### RECORDS SHOWN

──────

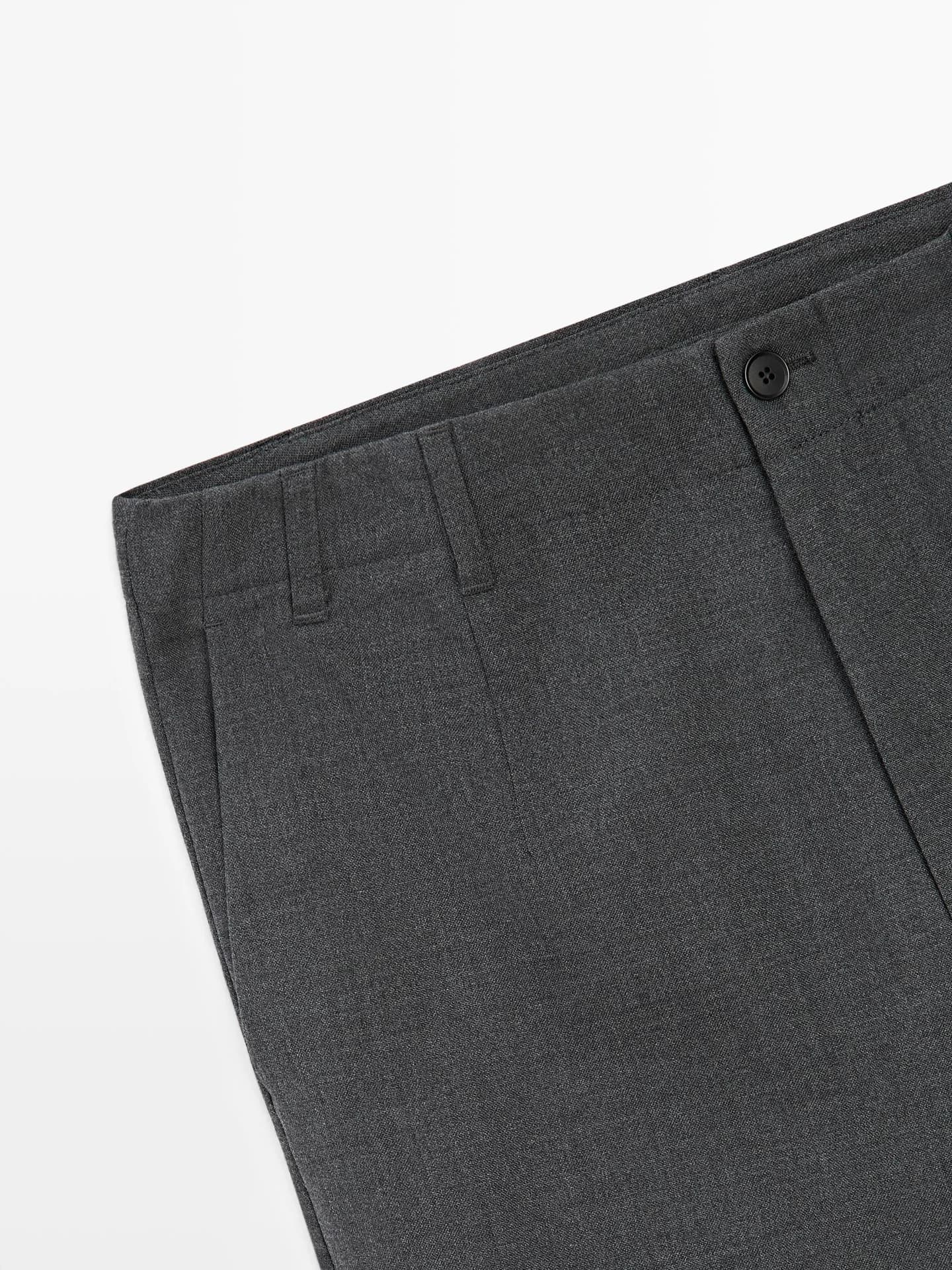 Брюки структурированного плетения из прохладной шерсти. - фото 6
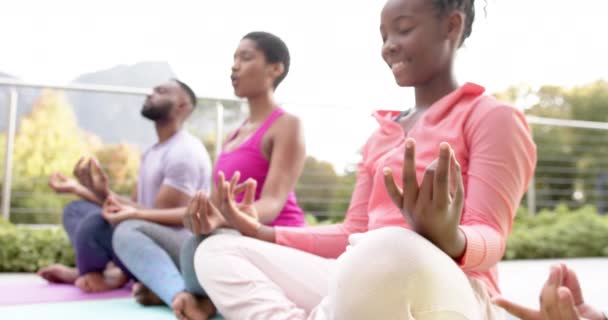 快乐的非洲裔美国父母 儿子和女儿在阳光灿烂的花园里练习瑜伽 动作缓慢 健康的生活方式 福利和健康 — 图库视频影像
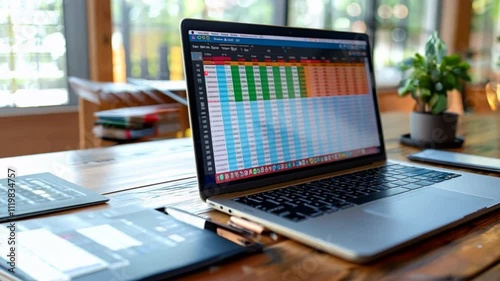 Accountant entering financial data into an Excel spreadsheet, focusing on accuracy and consistency in documentation. VDO 4k ProRes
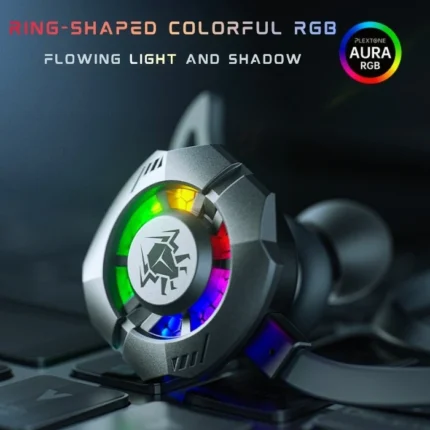 نورپردازی RGB حلقه‌ای در هندزفری گیمینگ پلکستون M762 Ultra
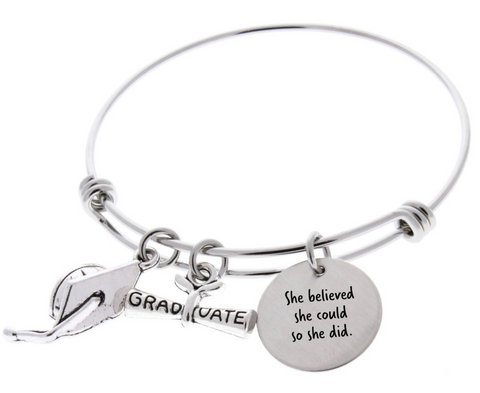Graduation Bangle Bracelet- She believed she could so she did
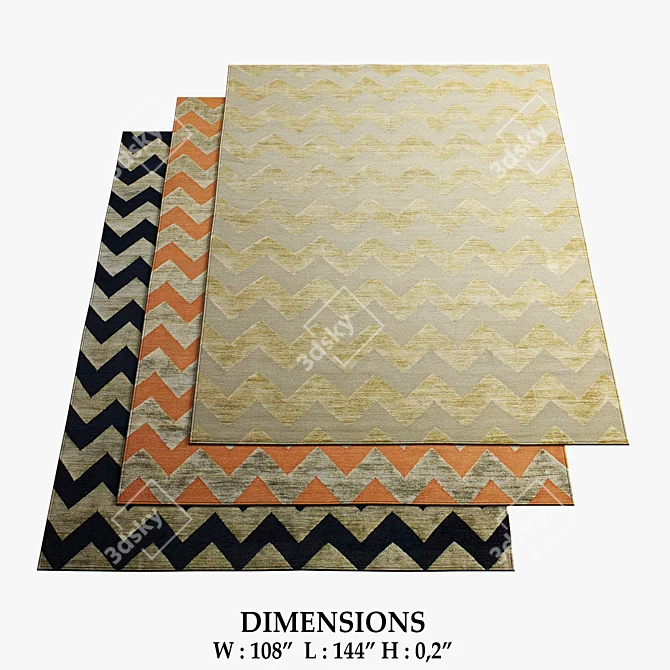 Zig Zag Rugs - Natural, Orange, Slate Blue 3D model image 1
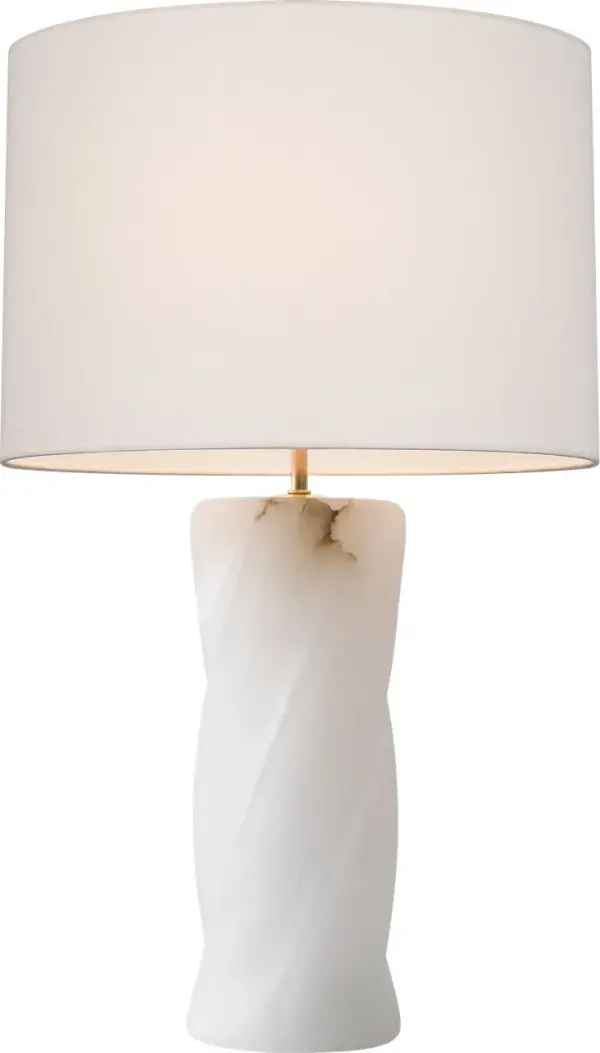 The Ripley table lamp features a stunning twisted alabaster base with natural stone veining, creating an organic sculptural presence. The neutral linen shade provides soft, diffused light perfect for ambient illumination. - alternate view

──────

### TASK ITEM
Up to and including the line that contains "Zig Zag Rugs", print the records above exactly from their first line, without any pictures.

### RESPONSE TO THE EXERCISE
 Брюки структурированного плетения из прохладной шерсти. - фото 6
 快乐的非洲裔美国父母 儿子和女儿在阳光灿烂的花园里练习瑜伽 动作缓慢 健康的生活方式 福利和健康 — 图库视频影像
 Accountant entering financial data into an Excel spreadsheet, focusing on accuracy and consistency in documentation. VDO 4k ProRes
 نورپردازی RGB حلقه‌ای در هندزفری گیمینگ پلکستون M762 Ultra
Graduation Bangle Bracelet- She believed she could so she did
 Zig Zag Rugs - Natural, Orange, Slate Blue 3D model image 1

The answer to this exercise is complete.